Fleet of the Imperial Japanese Navy

The 4th Fleet was a fleet of the Imperial Japanese Navy. The Fourth Fleet designation was used during three separate periods. The initial designation was for a group of ships that were assigned to work together during the Russo-Japanese conflict and the period of its immediate aftermath. The second time the designation was used was during the Sino-Japanese conflict, and the third time was as a South Pacific area of command during the middle of the Pacific War.

==History==
===Russo-Japanese War===
First established on June 14, 1905, the 4th Fleet was created after the Battle of Tsushima in the Russo-Japanese War specifically to support and cover the landings of Japanese forces in Sakhalin. Afterwards, it was sent to the United States with the Japanese delegation negotiating the Treaty of Portsmouth ending the war, and was disbanded on December 20, 1905.

===The Fourth Fleet Incident===
The Fourth Fleet was temporarily resurrected during a war game exercise executed in 1935, playing the role of the opposition force under the command of Hajime Matsushita. While participating in field manoeuvres, the Fourth Fleet became caught in extremely foul weather. The weather continued to deteriorate and by 26 September had reached typhoon status. Two of the newer, large Special Type destroyers, Hatsuyuki and Yūgiri, had their bows torn away by the heavy seas. A number of recently built heavy cruisers also suffered significant structural damage. Myōkō, Mogami and the submarine tender Taigei developed serious cracks in their hulls, and the light aircraft-carriers Hōshō and Ryūjō suffered damage to their flight decks and superstructure, with Ryūjō also having her hangar section flooded. The minelayer Itsukushima suffered damage that required several months for extensive repairs, necessitating a near complete rebuild. Nearly all the fleet's destroyers suffered damage to their superstructures, and fifty-four crewmen were lost, swept overboard or killed outright.
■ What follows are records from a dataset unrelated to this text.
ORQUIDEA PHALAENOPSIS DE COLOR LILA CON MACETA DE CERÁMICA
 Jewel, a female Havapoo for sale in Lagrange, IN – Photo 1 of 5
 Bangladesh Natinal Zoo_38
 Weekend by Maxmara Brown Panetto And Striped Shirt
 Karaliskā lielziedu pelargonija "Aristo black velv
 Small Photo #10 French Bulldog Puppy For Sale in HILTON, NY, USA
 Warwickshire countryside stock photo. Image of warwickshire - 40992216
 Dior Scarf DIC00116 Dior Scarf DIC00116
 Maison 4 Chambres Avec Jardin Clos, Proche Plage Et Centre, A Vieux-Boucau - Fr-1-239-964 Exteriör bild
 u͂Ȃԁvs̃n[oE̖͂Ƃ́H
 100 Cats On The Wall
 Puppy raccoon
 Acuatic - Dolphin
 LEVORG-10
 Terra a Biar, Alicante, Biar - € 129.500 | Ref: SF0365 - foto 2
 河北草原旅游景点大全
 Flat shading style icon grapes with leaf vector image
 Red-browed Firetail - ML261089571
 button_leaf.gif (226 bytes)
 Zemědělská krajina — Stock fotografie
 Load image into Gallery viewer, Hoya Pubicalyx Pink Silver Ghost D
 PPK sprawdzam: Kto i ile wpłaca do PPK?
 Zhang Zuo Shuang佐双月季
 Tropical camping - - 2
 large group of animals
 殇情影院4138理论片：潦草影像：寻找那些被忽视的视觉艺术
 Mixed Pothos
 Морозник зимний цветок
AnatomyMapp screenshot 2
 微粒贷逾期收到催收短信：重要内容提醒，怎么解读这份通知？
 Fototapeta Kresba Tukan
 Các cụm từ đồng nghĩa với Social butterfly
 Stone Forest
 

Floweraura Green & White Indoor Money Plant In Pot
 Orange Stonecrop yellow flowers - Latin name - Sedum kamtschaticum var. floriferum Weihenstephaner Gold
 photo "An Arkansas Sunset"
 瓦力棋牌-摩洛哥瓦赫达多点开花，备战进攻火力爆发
The Japanese Admiralty held a hearing on the damage suffered by Fourth Fleet in the storm, resulting in recommendations for changes on Japanese warship design and construction. A number of new designs that used heavier guns and taller superstructures were found to be top-heavy, and efforts were made to stabilize these ships by reducing weight above the waterline. In addition, cracks in the hulls of the new cruisers indicated the recently adopted practice of electric welding hull seams was suspect, and the practice was canceled on all new Japanese warship construction. The event was kept a secret from the public.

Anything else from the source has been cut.